● **Work item**
Every entry here needs to be repeated exactly.

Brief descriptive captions
────────────────────
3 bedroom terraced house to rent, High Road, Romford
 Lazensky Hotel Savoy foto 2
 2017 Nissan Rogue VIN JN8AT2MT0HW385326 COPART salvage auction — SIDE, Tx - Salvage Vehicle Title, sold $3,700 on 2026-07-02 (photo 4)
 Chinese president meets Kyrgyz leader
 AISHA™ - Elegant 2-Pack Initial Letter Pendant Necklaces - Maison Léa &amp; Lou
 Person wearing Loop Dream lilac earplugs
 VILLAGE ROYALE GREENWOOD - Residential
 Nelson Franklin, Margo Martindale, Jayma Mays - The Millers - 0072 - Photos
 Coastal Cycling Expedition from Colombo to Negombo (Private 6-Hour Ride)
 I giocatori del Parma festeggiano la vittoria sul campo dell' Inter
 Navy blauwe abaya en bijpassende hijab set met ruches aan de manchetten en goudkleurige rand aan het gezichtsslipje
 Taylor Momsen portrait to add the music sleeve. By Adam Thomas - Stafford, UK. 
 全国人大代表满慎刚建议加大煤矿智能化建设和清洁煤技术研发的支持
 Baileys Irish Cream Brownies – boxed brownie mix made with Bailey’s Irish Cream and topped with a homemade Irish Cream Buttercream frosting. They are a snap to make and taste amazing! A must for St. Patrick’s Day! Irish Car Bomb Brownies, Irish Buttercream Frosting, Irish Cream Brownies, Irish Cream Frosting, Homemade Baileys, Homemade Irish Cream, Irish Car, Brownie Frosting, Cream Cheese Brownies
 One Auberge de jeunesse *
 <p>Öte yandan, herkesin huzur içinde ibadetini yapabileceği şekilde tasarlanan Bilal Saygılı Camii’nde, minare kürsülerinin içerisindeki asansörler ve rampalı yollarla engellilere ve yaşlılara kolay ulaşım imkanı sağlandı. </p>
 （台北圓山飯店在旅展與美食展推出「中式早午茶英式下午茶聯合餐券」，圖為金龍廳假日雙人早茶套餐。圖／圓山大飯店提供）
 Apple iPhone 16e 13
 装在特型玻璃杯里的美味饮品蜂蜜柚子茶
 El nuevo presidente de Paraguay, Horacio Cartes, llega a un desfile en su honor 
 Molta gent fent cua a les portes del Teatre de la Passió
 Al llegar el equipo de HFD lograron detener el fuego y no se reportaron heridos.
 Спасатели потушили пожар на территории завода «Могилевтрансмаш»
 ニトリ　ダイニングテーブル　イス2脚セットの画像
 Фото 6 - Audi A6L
────────────────────
● **Output for this task**
3 bedroom terraced house to rent, High Road, Romford
 Lazensky Hotel Savoy foto 2
 2017 Nissan Rogue VIN JN8AT2MT0HW385326 COPART salvage auction — SIDE, Tx - Salvage Vehicle Title, sold $3,700 on 2026-07-02 (photo 4)
 Chinese president meets Kyrgyz leader
 AISHA™ - Elegant 2-Pack Initial Letter Pendant Necklaces - Maison Léa &amp; Lou
 Person wearing Loop Dream lilac earplugs
 VILLAGE ROYALE GREENWOOD - Residential
 Nelson Franklin, Margo Martindale, Jayma Mays - The Millers - 0072 - Photos
 Coastal Cycling Expedition from Colombo to Negombo (Private 6-Hour Ride)
 I giocatori del Parma festeggiano la vittoria sul campo dell' Inter
 Navy blauwe abaya en bijpassende hijab set met ruches aan de manchetten en goudkleurige rand aan het gezichtsslipje
 Taylor Momsen portrait to add the music sleeve. By Adam Thomas - Stafford, UK. 
 全国人大代表满慎刚建议加大煤矿智能化建设和清洁煤技术研发的支持
 Baileys Irish Cream Brownies – boxed brownie mix made with Bailey’s Irish Cream and topped with a homemade Irish Cream Buttercream frosting. They are a snap to make and taste amazing! A must for St. Patrick’s Day! Irish Car Bomb Brownies, Irish Buttercream Frosting, Irish Cream Brownies, Irish Cream Frosting, Homemade Baileys, Homemade Irish Cream, Irish Car, Brownie Frosting, Cream Cheese Brownies
 One Auberge de jeunesse *
 <p>Öte yandan, herkesin huzur içinde ibadetini yapabileceği şekilde tasarlanan Bilal Saygılı Camii’nde, minare kürsülerinin içerisindeki asansörler ve rampalı yollarla engellilere ve yaşlılara kolay ulaşım imkanı sağlandı. </p>
 （台北圓山飯店在旅展與美食展推出「中式早午茶英式下午茶聯合餐券」，圖為金龍廳假日雙人早茶套餐。圖／圓山大飯店提供）
 Apple iPhone 16e 13
 装在特型玻璃杯里的美味饮品蜂蜜柚子茶
 El nuevo presidente de Paraguay, Horacio Cartes, llega a un desfile en su honor 
 Molta gent fent cua a les portes del Teatre de la Passió
 Al llegar el equipo de HFD lograron detener el fuego y no se reportaron heridos.
 Спасатели потушили пожар на территории завода «Могилевтрансмаш»
 ニトリ　ダイニングテーブル　イス2脚セットの画像
 Фото 6 - Audi A6L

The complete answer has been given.